DataPageHeaderV2.IsCompressed is defaulting to false on read even though the spec seems to say it should be true
I am trying to read a snappy compressed file written by the JavaScript library hyparquet-writer and am getting an exception:
System.IO.InvalidDataException
failed to read column 'name'
at Parquet.Serialization.ParquetSerializer.DeserializeRowGroupAsync[T](ParquetRowGroupReader rg, ParquetSchema schema, Assembler`1 asm, ICollection`1 result, ParquetSerializerOptions options, CancellationToken cancellationToken, Boolean resultsAlreadyAllocated) in .\parquet-dotnet\src\Parquet\Serialization\ParquetSerializer.cs:line 573
at Parquet.Serialization.ParquetSerializer.DeserializeRowGroupAsync(ParquetReader reader, Int32 rgi, Assembler`1 asm, List`1 result, ParquetSerializerOptions options, CancellationToken cancellationToken) in .\parquet-dotnet\src\Parquet\Serialization\ParquetSerializer.cs:line 498
System.ArgumentOutOfRangeException
Specified argument was out of the range of valid values.
at Parquet.Encodings.ParquetPlainEncoder.Decode(Span`1 source, Span`1 data, SchemaElement tse) in .\parquet-dotnet\src\Parquet\Encodings\ParquetPlainEncoder.cs:line 1133
at Parquet.Encodings.ParquetPlainEncoder.Decode(Array data, Int32 offset, Int32 count, SchemaElement tse, Span`1 source, Int32& elementsRead) in .\parquet-dotnet\src\Parquet\Encodings\ParquetPlainEncoder.cs:line 206
I narrowed down the cause to be a conflict between the meaning of leaving off the value of IsCompressed.
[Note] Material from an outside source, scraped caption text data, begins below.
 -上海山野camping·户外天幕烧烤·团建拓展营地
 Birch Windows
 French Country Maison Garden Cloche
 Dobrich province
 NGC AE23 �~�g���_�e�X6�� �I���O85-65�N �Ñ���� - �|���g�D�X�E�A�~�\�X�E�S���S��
In parquet-dotnet, when ph.DataPageHeaderV2.IsCompressed is null, it defaults to not attempting to decompress:
https://github.com/aloneguid/parquet-dotnet/blob/90fcfa5b5874057ec03a30bc42101ee74f5be8b7/src/Parquet/File/DataColumnReader.cs#L230
However, hyparquet-writer seems to think that when compressing, that value can be omitted when writing a compressed column, that is be null:
https://github.com/hyparam/hyparquet-writer/blob/86f4c4314e9326d7989baa6f270079d6d0ce6851/src/datapage.js#L106
Also, in parquet-dotnet, the comment for that property says null means compressed:
https://github.com/aloneguid/parquet-dotnet/blob/90fcfa5b5874057ec03a30bc42101ee74f5be8b7/src/Parquet/Meta/Parquet.cs#L1480-L1483
If missing it is considered compressed.
This matches the specification:
https://github.com/apache/parquet-format/blob/87f2c8bf77eefb4c43d0ebaeea1778bd28ac3609/src/main/thrift/parquet.thrift#L741-L746
Here is a test file that I expect to be read:
I generated the test file with the following Node.js code:
parquetWriteFile({
filename: "./hyparquet.snappy.parquet",
columnData: [
{ name: "name", data: ["Alice", "Bob", "Charlie"], type: "STRING" },
{ name: "age", data: [25, 30, 35], type: "INT32" },
],
});
In my local clone, I added the following test to ParquetReaderOnTestFilesTest.cs along with the data file attached above in the issue:
[Fact]
public async Task HyparquetCompressed() {
using Stream s = OpenTestFile("hyparquet.snappy.parquet");
ParquetSerializer.UntypedResult r = await ParquetSerializer.DeserializeAsync(s);
}
And the test fails. When I change the line in DataColumnReader.cs to default to true all the tests in the solution pass (except I don't have java.exe so those integration tests fail):
if((!(ph.DataPageHeaderV2.IsCompressed ?? true)) || _thriftColumnChunk.MetaData!.Codec == CompressionCodec.UNCOMPRESSED) {
So is there a data file example that this doesn't work with somewhere?